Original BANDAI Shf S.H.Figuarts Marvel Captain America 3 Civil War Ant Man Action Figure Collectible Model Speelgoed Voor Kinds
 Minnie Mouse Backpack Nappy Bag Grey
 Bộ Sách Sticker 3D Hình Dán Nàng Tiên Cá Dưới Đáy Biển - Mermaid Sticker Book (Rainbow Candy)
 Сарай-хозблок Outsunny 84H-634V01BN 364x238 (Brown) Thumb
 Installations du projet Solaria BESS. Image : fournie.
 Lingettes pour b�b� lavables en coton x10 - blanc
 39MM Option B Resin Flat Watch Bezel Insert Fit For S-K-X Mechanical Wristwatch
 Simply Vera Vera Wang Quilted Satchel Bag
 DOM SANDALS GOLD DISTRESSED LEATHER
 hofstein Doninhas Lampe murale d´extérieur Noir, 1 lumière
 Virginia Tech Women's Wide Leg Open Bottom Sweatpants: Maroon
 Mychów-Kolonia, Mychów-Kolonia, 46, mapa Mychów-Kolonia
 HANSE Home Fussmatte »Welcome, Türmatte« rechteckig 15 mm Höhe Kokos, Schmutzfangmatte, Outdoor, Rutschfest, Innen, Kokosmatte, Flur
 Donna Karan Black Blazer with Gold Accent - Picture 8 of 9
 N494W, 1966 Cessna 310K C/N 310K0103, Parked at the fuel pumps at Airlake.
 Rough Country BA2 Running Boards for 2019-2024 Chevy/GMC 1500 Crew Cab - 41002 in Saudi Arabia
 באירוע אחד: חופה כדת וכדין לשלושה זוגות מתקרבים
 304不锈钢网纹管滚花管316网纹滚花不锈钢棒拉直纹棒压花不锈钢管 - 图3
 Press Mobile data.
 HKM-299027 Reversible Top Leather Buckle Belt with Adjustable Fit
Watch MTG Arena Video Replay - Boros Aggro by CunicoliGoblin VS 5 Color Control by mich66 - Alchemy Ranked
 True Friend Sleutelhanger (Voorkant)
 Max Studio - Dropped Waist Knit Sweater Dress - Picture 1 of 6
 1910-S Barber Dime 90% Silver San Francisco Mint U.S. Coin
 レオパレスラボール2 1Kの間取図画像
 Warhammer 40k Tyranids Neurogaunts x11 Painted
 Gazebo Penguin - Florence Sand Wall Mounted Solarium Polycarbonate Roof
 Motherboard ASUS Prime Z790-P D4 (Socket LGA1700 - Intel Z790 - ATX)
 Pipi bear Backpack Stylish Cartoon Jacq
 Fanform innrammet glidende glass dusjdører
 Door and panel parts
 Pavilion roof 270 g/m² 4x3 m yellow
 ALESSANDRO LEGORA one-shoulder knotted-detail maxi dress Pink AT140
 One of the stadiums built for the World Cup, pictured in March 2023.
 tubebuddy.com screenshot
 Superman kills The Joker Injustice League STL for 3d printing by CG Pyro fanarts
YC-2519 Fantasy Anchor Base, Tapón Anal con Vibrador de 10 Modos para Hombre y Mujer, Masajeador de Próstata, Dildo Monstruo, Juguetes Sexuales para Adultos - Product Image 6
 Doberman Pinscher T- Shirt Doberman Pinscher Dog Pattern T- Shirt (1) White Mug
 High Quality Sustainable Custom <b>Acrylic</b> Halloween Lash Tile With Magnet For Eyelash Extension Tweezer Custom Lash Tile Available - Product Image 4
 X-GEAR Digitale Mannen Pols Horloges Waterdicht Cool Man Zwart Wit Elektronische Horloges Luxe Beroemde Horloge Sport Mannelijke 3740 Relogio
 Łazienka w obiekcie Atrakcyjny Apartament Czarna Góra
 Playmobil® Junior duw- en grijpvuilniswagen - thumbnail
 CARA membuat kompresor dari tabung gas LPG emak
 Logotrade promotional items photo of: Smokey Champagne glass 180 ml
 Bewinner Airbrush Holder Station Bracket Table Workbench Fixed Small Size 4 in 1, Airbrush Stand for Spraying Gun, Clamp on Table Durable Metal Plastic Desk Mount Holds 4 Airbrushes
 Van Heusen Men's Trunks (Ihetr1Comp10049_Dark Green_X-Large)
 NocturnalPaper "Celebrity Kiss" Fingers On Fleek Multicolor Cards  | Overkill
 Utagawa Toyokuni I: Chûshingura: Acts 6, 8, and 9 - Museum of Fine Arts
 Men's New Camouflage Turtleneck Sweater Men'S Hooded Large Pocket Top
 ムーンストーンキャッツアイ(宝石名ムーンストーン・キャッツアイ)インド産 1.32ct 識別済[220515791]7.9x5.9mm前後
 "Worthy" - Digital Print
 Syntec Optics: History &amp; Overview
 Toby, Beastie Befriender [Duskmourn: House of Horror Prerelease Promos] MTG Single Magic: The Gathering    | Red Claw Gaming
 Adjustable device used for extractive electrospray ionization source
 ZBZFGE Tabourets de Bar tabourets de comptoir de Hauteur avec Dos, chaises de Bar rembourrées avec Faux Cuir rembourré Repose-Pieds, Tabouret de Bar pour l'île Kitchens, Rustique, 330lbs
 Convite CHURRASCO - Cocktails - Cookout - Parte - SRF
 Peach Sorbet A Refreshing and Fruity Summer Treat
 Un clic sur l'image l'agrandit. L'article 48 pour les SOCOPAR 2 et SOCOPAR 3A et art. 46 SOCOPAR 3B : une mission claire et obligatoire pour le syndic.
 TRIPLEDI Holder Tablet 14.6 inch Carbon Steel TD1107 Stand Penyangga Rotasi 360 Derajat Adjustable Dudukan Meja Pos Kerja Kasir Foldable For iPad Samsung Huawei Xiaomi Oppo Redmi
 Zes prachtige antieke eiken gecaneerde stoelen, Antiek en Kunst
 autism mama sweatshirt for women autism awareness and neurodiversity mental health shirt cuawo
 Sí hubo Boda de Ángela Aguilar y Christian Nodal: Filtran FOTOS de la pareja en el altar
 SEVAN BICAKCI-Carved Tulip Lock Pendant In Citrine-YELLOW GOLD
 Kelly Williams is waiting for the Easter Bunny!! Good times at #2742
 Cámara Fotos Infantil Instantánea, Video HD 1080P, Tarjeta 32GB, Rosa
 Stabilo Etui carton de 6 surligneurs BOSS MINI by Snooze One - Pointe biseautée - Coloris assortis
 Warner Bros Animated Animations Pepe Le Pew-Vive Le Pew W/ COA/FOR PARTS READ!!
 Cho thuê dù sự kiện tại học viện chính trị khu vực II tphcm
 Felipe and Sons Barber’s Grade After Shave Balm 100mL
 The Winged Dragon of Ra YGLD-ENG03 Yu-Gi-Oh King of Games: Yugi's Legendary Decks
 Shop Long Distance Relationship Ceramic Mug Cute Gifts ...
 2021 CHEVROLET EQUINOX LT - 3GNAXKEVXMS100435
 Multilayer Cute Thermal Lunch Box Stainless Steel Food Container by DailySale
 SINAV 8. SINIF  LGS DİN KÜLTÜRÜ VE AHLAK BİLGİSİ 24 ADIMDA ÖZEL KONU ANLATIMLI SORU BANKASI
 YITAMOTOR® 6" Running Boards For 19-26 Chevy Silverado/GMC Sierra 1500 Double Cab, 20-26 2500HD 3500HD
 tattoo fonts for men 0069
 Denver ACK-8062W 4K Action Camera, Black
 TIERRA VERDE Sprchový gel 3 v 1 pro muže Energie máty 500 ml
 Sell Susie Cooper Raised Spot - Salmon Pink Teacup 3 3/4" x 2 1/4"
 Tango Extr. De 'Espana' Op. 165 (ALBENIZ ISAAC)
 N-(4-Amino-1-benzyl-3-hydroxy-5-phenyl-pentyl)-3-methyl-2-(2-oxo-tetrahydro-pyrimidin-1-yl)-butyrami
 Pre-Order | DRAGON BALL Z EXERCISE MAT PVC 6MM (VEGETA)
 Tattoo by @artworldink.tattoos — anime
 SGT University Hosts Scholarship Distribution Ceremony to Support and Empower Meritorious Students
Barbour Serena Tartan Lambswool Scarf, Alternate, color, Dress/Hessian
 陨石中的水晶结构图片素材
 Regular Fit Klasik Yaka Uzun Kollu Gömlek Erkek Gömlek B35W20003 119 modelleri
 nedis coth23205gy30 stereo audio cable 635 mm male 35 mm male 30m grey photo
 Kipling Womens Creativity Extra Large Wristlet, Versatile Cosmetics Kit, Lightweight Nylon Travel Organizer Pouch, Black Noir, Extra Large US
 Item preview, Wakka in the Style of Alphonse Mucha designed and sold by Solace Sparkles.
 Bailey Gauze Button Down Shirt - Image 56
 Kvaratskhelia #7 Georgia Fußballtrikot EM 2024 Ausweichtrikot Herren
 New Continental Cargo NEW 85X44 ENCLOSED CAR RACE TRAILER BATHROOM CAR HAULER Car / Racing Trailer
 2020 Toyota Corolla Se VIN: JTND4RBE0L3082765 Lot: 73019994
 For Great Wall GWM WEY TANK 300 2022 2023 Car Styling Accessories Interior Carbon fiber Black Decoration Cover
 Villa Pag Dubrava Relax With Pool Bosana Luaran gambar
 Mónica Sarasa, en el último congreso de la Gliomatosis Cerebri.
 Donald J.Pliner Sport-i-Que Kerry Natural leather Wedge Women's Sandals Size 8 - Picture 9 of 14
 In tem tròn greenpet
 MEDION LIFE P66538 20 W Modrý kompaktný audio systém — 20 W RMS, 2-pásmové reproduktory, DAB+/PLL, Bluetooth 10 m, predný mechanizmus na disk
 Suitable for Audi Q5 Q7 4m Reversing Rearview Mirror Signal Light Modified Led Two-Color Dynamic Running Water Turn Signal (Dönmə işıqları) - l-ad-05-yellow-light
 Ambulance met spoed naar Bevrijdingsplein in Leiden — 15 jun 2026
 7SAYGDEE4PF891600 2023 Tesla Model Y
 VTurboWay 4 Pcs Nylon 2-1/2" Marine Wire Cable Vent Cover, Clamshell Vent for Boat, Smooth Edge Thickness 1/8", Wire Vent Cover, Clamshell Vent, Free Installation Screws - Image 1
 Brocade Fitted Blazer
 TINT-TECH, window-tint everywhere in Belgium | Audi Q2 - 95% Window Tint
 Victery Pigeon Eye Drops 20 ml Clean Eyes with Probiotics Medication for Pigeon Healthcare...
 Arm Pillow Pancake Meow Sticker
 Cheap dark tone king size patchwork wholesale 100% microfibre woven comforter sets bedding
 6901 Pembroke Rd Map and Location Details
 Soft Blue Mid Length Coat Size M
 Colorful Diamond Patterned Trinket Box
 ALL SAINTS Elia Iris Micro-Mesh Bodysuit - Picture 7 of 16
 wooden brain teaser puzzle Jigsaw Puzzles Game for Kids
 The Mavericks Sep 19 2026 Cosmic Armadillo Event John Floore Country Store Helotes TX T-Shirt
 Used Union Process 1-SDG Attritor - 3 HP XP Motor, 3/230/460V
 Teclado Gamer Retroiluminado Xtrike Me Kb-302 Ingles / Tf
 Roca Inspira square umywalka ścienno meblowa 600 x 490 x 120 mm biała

——

> _WHAT YOU SHOULD DO_
Starting with the first line of the listing above and ending with the line that holds "Lingettes pour b�b�", return those lines exactly as written, both included.

> _RESULT OF THIS TASK_
Original BANDAI Shf S.H.Figuarts Marvel Captain America 3 Civil War Ant Man Action Figure Collectible Model Speelgoed Voor Kinds
 Minnie Mouse Backpack Nappy Bag Grey
 Bộ Sách Sticker 3D Hình Dán Nàng Tiên Cá Dưới Đáy Biển - Mermaid Sticker Book (Rainbow Candy)
 Сарай-хозблок Outsunny 84H-634V01BN 364x238 (Brown) Thumb
 Installations du projet Solaria BESS. Image : fournie.
 Lingettes pour b�b� lavables en coton x10 - blanc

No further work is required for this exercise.